Open BitCalSaul opened 6 months ago
@BitCalSaul
Okay, I'll fix that.
@BitCalSaul
You can try the latest commit. I remove the argument --interpreter
in the main script. And now, we only need to store the full commands in the config.txt and run the main script.
Thanks for your effort. I tried it but got some error. I put these commands in the txt, and for your clarification I only have two GPUs: torchrun --nproc-per-node=2 /home/jwq/Compressor/main.py epochs=2 torchrun --nproc-per-node=2 /home/jwq/Compressor/main.py epochs=1 It seems like Runit didn't recognize that each command will consume 2 gpus from the args "--npro-per-node=2", and run these two commands together, which leads to OOM problem.
@BitCalSaul
Unfortunately I don't have a multi-card machine in my hands to test at the moment.
Please make sure that the machine itself has the ability to run both commands at the same time. The logic for determining remaining GPU memory is too simple in the current version, because the pytorch program needs to run for a while before it can get stable memory. So it is recommended that you experiment independently first to see if both can be run at the same time without reporting an OOM error.
If it's determined that it can run simultaneously when used standalone, but can't schedule multiple GPUs when using RunIt
, then there's some bug that I'm not aware of.
I think these two commands for ddp cannot be run at the same time. My expectation is to run the first command for ddp first, which will use all memory from two GPUs, and with this tasked finished, the second command for ddp will start. But now it seems like Runit just run the first command on the first GPU and the second on the second GPU, which will surely lead to OOM.
@BitCalSaul
My expectation is to run the first command for ddp first, which will use all memory from two GPUs, and with this tasked finished, the second command for ddp will start.
It can be implemented by a simple shell script, and a similar demo is shown in my anothor repo:
https://github.com/lartpang/ZoomNet/blob/9c65e6ca8c5ec2f23c4ad0c0413881f78546d4f8/test.sh#L1-L22
But now it seems like Runit just run the first command on the first GPU and the second on the second GPU, which will surely lead to OOM.
This may be because two commands are running at the same time, resulting in OOM. You can try to output the actual number of GPUs used by each program.
The new commit has some issue. With this code, the two commands will run in the same GPU even I input the GPU pools as [0,1]. python /home/user/Compressor/main.py epochs=50 python /home/user/Compressor/main.py epochs=50 The reason may be that my code's default GPU is GPU 0, so these two commands will both run in this GPU.
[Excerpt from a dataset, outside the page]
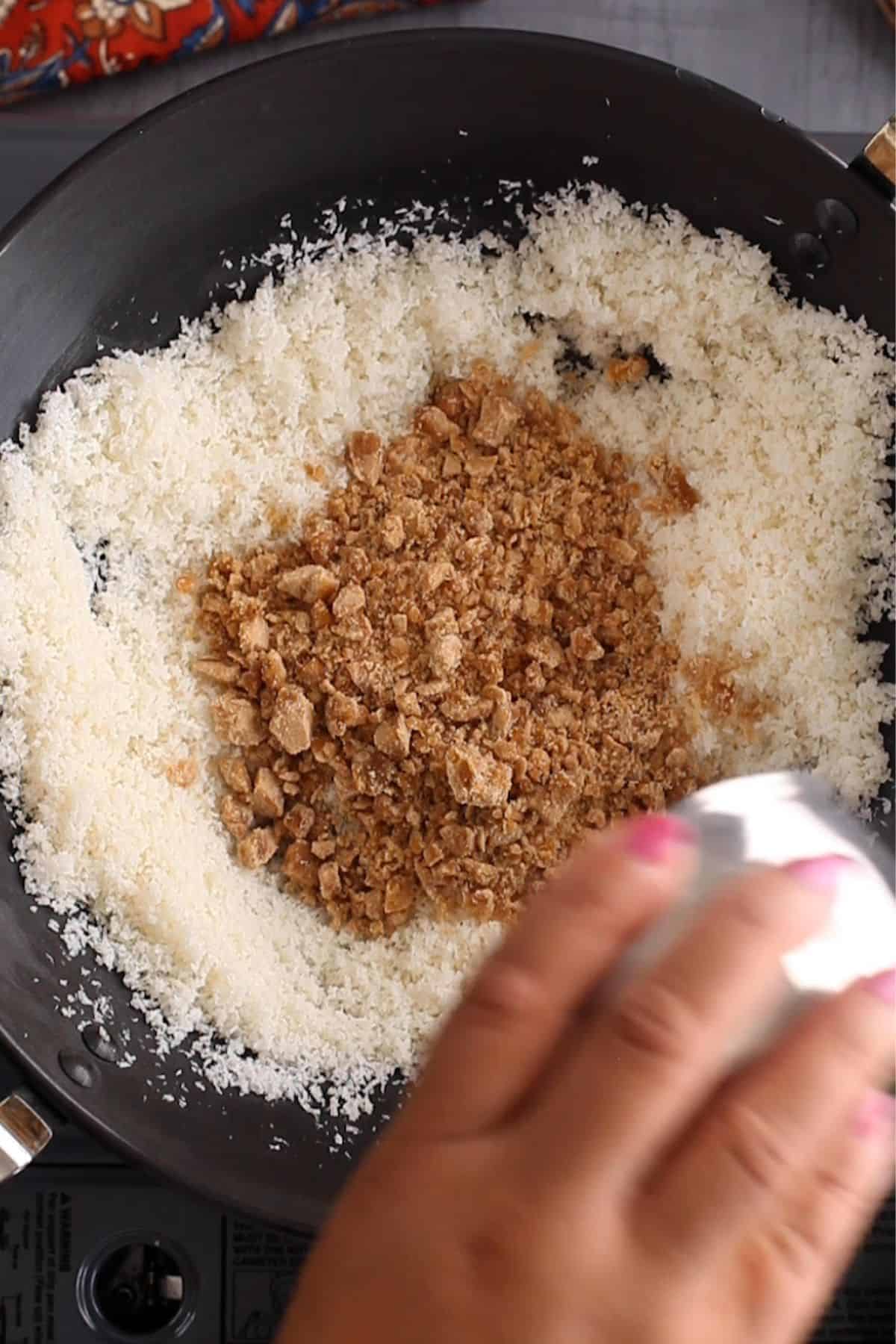 Chopped jaggery is added to toasted coconut.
I have to specify the GPU number and it could run properly. python /home/jwq/Compressor/main.py epochs=50 dividor_value=7000 dgroup_id=0 gpu=[0] python /home/jwq/Compressor/main.py epochs=50 dividor_value=7000 dgroup_id=1 gpu=[1]
In the previous commit, even if I don't specify the GPU number, Runit could still dynamically select a GPU for my command.
@BitCalSaul
Indeed, this is a newly introduced bug.
I seem to understand what the original problem was.
runIt
uses the environment variable to assign the actual GPUs to be used,
https://github.com/lartpang/RunIt/blob/056b1cfd5aa1cf2c4beea192868c5c02463ce6d3/run_it.py#L63
but by default only a single GPU can be used.
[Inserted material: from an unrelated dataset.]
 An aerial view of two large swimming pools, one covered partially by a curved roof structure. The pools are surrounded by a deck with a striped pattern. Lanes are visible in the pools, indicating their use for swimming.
This leads to incompatibility with multi-card programs like torchrun
.
Perhaps there should be a more flexible way to configure this, such as specifying both the number of commands and GPUs, and perhaps emphasizing sequential numbering?
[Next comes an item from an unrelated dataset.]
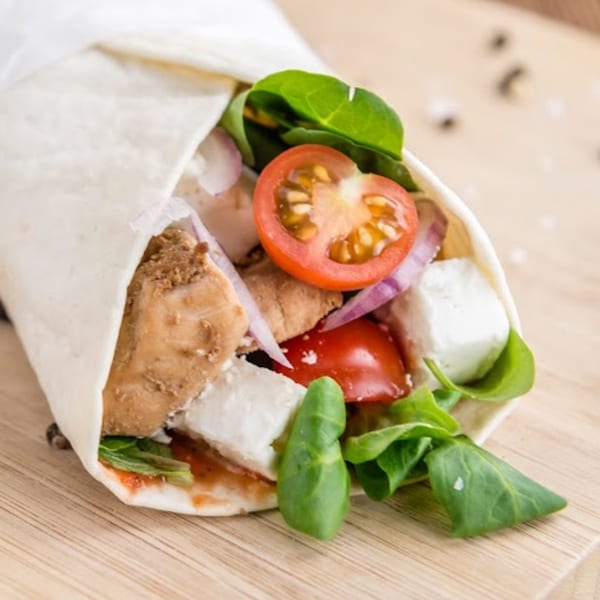 A chicken wrap with tomatoes, red onion, feta cheese, and spinach on a wooden board.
I'm a little confused here, do you mean at this moment we have some workaround for several multi-card programs in a script?
@BitCalSaul
In the current version, multi-card support is not available for the time being. This is because multiple cards require multiple GPU numbers to be assigned to the application at the same time, which is incompatible with the current scheduling method based on a single GPU number. This may take some time to improve the code. Of course, you can also submit better ideas.
Thanks, it seems now we could only use it for non-multiple card program.
@BitCalSaul
I recently refactored this tool based on a process pool and a cross-process communication manager!
More details can be found in dev
branch: https://github.com/lartpang/RunIt/tree/dev
Feel free to use it and give feedback.
@lartpang oh that's so great bro. I will try it once I am available (doing paper works recently). This tool is really useful for my work :)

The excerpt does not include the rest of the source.